N’est pas jovial et optimiste qui veut, loin de là. Et tel que l’on déclare grincheux et insupportable est simplement un faible, un sensitif que tout atteint à ses sources vives, un être dont le ressort nerveux détendu a besoin quotidiennement du tour de vis de la bonté active, indulgente et généreuse, faute de quoi le malheureux s’enlise davantage dans sa susceptibilité et ajoute chaque jour une pierre à l’édifice de griefs que lui élèvent les autres. Les mauvais plis, les fausses notes et les malentendus s’établissent, et à la muraille qui le sépare d’eux, s’ajoute peu à peu l’indifférence ensevelissant dans ses plis cruels cet être qu’un peu de compréhension affectueuse aurait rendu aux siens et à lui-même.

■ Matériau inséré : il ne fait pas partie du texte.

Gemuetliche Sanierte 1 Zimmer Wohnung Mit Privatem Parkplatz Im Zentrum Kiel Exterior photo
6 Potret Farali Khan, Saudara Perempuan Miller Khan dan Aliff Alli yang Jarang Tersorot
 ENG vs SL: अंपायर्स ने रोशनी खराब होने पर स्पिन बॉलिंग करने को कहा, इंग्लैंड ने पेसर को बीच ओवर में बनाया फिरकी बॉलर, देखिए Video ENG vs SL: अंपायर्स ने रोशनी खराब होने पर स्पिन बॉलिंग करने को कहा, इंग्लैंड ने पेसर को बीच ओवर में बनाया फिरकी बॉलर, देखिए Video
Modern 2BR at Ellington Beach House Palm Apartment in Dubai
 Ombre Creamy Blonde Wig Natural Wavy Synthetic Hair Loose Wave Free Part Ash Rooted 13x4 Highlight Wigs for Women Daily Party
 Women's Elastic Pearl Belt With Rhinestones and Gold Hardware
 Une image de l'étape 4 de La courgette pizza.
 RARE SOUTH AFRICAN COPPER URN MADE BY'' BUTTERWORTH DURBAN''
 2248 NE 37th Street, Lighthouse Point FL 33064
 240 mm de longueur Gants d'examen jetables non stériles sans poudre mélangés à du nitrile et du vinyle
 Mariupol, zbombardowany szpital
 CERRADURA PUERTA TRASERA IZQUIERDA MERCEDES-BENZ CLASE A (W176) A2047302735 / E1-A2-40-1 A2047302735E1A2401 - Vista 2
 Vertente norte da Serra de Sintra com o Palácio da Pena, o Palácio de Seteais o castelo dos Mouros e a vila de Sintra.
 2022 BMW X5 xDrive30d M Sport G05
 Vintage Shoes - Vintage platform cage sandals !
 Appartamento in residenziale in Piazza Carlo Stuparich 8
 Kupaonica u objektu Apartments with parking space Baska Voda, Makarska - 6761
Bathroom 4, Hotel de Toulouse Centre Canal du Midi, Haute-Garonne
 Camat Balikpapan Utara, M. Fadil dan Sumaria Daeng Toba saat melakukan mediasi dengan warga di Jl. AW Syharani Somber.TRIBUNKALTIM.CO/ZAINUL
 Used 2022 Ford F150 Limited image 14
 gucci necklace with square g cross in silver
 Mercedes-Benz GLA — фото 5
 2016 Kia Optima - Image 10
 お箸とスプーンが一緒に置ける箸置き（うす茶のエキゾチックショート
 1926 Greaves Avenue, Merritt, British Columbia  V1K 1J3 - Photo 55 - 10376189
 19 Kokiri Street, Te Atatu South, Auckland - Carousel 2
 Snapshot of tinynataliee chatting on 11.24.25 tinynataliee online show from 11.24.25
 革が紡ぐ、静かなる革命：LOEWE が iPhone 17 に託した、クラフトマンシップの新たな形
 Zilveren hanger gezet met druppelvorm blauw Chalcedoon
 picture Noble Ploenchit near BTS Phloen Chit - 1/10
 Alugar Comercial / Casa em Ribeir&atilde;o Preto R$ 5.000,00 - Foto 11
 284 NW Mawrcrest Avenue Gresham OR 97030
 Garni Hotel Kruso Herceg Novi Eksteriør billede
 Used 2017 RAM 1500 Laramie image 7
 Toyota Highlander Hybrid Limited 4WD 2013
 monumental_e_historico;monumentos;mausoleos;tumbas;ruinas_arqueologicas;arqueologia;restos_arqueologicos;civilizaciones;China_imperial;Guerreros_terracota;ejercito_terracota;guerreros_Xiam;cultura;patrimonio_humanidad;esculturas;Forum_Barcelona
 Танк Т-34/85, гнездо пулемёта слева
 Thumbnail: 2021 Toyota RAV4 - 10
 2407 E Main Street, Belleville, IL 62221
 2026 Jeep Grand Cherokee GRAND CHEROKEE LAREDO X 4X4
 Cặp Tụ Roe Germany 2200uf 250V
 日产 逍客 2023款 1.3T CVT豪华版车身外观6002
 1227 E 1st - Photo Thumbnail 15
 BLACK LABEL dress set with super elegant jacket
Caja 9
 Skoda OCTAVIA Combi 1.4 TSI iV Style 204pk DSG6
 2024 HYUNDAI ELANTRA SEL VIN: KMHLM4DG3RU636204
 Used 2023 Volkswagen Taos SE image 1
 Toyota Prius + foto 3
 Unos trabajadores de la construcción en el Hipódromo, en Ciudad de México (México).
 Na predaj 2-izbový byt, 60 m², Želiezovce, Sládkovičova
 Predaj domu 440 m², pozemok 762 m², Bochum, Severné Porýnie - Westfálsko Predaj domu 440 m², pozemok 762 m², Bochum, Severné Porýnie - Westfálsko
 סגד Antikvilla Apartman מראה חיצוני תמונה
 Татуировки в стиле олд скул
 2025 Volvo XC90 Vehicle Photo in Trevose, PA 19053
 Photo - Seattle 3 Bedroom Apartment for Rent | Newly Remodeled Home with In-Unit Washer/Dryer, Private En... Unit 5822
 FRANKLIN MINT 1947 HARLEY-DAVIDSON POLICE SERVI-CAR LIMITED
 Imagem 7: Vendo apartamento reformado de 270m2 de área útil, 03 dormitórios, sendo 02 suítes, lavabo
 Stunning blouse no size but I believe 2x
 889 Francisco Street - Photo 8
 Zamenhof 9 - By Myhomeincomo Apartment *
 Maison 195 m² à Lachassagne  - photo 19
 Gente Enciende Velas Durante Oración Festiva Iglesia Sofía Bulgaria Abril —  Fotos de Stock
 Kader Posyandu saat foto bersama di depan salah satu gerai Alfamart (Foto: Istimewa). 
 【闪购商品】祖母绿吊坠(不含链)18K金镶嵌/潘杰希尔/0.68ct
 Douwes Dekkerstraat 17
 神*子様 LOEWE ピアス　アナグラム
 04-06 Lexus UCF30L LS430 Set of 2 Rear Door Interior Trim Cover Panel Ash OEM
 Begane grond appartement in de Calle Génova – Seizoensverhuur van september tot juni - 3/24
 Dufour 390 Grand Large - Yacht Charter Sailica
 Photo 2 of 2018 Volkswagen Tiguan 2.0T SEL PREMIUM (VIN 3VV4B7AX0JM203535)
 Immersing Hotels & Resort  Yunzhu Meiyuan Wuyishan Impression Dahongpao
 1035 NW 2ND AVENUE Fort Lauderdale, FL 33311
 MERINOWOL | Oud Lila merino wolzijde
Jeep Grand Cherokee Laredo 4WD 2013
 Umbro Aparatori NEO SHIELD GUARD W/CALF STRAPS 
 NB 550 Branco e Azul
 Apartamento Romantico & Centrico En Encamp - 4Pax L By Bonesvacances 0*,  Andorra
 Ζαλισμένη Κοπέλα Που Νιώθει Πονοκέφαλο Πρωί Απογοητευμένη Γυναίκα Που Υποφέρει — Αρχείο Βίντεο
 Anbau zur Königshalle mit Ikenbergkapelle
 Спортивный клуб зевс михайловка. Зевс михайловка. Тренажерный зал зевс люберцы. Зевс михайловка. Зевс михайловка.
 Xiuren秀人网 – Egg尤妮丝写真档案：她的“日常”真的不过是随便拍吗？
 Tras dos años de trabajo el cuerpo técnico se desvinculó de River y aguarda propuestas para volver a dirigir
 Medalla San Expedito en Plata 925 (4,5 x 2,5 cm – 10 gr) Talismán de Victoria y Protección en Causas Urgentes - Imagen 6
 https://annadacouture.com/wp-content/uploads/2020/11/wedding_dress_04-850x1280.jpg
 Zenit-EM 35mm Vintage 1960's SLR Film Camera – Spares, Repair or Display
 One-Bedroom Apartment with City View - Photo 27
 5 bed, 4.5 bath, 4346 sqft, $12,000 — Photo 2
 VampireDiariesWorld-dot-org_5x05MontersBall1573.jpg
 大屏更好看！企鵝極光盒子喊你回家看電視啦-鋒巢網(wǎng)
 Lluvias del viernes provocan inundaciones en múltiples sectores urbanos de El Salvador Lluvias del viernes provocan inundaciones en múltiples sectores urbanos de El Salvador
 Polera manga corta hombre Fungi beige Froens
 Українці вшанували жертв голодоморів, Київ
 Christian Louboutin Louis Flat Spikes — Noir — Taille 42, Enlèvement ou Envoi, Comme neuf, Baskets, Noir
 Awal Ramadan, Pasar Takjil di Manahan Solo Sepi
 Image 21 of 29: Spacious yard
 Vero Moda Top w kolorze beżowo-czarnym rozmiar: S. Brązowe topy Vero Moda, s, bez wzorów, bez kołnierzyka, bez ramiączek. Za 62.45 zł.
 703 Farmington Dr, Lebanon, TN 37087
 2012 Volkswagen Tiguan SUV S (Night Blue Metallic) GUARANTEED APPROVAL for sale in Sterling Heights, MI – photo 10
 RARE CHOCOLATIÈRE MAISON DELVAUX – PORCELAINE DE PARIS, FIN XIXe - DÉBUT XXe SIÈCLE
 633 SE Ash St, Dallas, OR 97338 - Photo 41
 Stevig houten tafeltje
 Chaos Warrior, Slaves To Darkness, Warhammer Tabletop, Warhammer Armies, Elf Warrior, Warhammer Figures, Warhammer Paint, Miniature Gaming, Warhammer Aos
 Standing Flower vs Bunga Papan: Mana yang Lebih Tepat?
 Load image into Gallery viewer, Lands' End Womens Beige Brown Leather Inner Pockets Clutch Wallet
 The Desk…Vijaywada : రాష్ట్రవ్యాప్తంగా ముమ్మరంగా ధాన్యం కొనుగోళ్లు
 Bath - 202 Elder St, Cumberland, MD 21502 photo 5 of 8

Certes, la vie actuelle, avec son «chacun pour soi» brutal, ne nous laisse pas toujours le loisir d’aller au-devant d’un faible et de relever les mailles de son armure en même temps que nous réparons la nôtre; mais si la mauvaise humeur est contagieuse, la bonne l’est aussi, et étant donné qu’une parole mordante prend autant de temps qu’un mot conciliant, n’est-il pas plus agréable de surveiller notre vocabulaire, et de répondre par la bonté aux provocations qui mettent notre patience à l’épreuve?
Par défaut de contrôle sur nos nerfs, parce que nous sommes peut-être trop égoïstes pour faire l’effort qui nous aiderait à triompher des faits et des circonstances dans lesquels nous nous trouvons trop souvent, nous avons un esprit toujours trop critique à l’égard du prochain, de notre entourage, de notre personnel, de nos amis ! La bienveillance avec chacun n’est-elle pas l’œuvre qui pourrait contribuer au réconfort de bien des personnes âgées et handicapées, sans oublier que dans notre société moderne, dite pourtant évoluée, trop de jeunes vivent dans la solitude ou sont mal compris. Ce n’est pas un fossé qu’il faut continuer à creuser, mais apporter notre aide à construire un pont entre sa personnalité intérieure, immuablement belle peut-être, et sa personnalité extérieure qui le perd!
«La tête qu’on nous fait dépend de celle que nous montrons aux autres», dit un vieux proverbe. Il n’est pas un rebuté, pas un forçat de la vie qu’une bonne parole, un procédé bienveillant ne finira par illuminer son âme. N’est-ce pas une question de conscience que d’éveiller le malheureux qui souffre de culpabilité – moins condamné souvent par les autres que par lui-même – et découvrir l’auxiliaire sûr par lequel on pourra toujours atteindre cette lumière lointaine qui fait la richesse intérieure de l’être humain.